• _TASK REQUIREMENTS_
The full set of entries below is to be returned unchanged.

• _SUPPLIED MATERIAL_
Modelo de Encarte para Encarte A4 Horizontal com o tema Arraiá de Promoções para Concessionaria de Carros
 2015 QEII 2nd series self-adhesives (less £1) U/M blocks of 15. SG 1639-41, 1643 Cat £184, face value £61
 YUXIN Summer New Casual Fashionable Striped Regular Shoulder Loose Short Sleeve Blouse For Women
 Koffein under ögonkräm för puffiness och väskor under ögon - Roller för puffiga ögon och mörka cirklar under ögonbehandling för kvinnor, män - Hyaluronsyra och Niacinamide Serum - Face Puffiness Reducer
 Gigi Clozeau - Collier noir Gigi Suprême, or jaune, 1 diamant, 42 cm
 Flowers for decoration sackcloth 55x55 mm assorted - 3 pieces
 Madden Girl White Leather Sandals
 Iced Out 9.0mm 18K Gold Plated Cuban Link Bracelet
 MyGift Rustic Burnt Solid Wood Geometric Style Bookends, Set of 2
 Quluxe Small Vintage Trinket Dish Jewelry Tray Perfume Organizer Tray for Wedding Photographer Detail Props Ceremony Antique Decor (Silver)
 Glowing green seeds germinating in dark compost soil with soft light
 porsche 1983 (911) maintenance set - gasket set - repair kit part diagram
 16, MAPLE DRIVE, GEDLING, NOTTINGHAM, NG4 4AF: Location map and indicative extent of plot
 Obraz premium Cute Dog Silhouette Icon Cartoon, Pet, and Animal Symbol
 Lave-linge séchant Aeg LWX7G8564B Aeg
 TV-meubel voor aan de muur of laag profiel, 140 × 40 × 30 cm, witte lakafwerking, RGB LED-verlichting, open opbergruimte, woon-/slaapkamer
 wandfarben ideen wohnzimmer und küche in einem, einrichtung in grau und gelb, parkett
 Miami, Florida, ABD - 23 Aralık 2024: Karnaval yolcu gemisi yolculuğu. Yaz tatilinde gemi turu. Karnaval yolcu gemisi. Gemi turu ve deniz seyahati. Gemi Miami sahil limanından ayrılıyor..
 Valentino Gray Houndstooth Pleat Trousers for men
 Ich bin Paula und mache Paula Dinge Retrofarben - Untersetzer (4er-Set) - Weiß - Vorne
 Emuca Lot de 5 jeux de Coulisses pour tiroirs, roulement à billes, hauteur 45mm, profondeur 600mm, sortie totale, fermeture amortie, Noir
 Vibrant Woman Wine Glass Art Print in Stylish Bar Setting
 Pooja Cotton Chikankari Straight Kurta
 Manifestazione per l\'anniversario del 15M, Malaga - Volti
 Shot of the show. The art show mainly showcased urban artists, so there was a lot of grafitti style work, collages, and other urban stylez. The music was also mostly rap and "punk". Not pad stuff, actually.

• _SOLUTION TO THIS TASK_
Modelo de Encarte para Encarte A4 Horizontal com o tema Arraiá de Promoções para Concessionaria de Carros
 2015 QEII 2nd series self-adhesives (less £1) U/M blocks of 15. SG 1639-41, 1643 Cat £184, face value £61
 YUXIN Summer New Casual Fashionable Striped Regular Shoulder Loose Short Sleeve Blouse For Women
 Koffein under ögonkräm för puffiness och väskor under ögon - Roller för puffiga ögon och mörka cirklar under ögonbehandling för kvinnor, män - Hyaluronsyra och Niacinamide Serum - Face Puffiness Reducer
 Gigi Clozeau - Collier noir Gigi Suprême, or jaune, 1 diamant, 42 cm
 Flowers for decoration sackcloth 55x55 mm assorted - 3 pieces
 Madden Girl White Leather Sandals
 Iced Out 9.0mm 18K Gold Plated Cuban Link Bracelet
 MyGift Rustic Burnt Solid Wood Geometric Style Bookends, Set of 2
 Quluxe Small Vintage Trinket Dish Jewelry Tray Perfume Organizer Tray for Wedding Photographer Detail Props Ceremony Antique Decor (Silver)
 Glowing green seeds germinating in dark compost soil with soft light
 porsche 1983 (911) maintenance set - gasket set - repair kit part diagram
 16, MAPLE DRIVE, GEDLING, NOTTINGHAM, NG4 4AF: Location map and indicative extent of plot
 Obraz premium Cute Dog Silhouette Icon Cartoon, Pet, and Animal Symbol
 Lave-linge séchant Aeg LWX7G8564B Aeg
 TV-meubel voor aan de muur of laag profiel, 140 × 40 × 30 cm, witte lakafwerking, RGB LED-verlichting, open opbergruimte, woon-/slaapkamer
 wandfarben ideen wohnzimmer und küche in einem, einrichtung in grau und gelb, parkett
 Miami, Florida, ABD - 23 Aralık 2024: Karnaval yolcu gemisi yolculuğu. Yaz tatilinde gemi turu. Karnaval yolcu gemisi. Gemi turu ve deniz seyahati. Gemi Miami sahil limanından ayrılıyor..
 Valentino Gray Houndstooth Pleat Trousers for men
 Ich bin Paula und mache Paula Dinge Retrofarben - Untersetzer (4er-Set) - Weiß - Vorne
 Emuca Lot de 5 jeux de Coulisses pour tiroirs, roulement à billes, hauteur 45mm, profondeur 600mm, sortie totale, fermeture amortie, Noir
 Vibrant Woman Wine Glass Art Print in Stylish Bar Setting
 Pooja Cotton Chikankari Straight Kurta
 Manifestazione per l\'anniversario del 15M, Malaga - Volti
 Shot of the show. The art show mainly showcased urban artists, so there was a lot of grafitti style work, collages, and other urban stylez. The music was also mostly rap and "punk". Not pad stuff, actually.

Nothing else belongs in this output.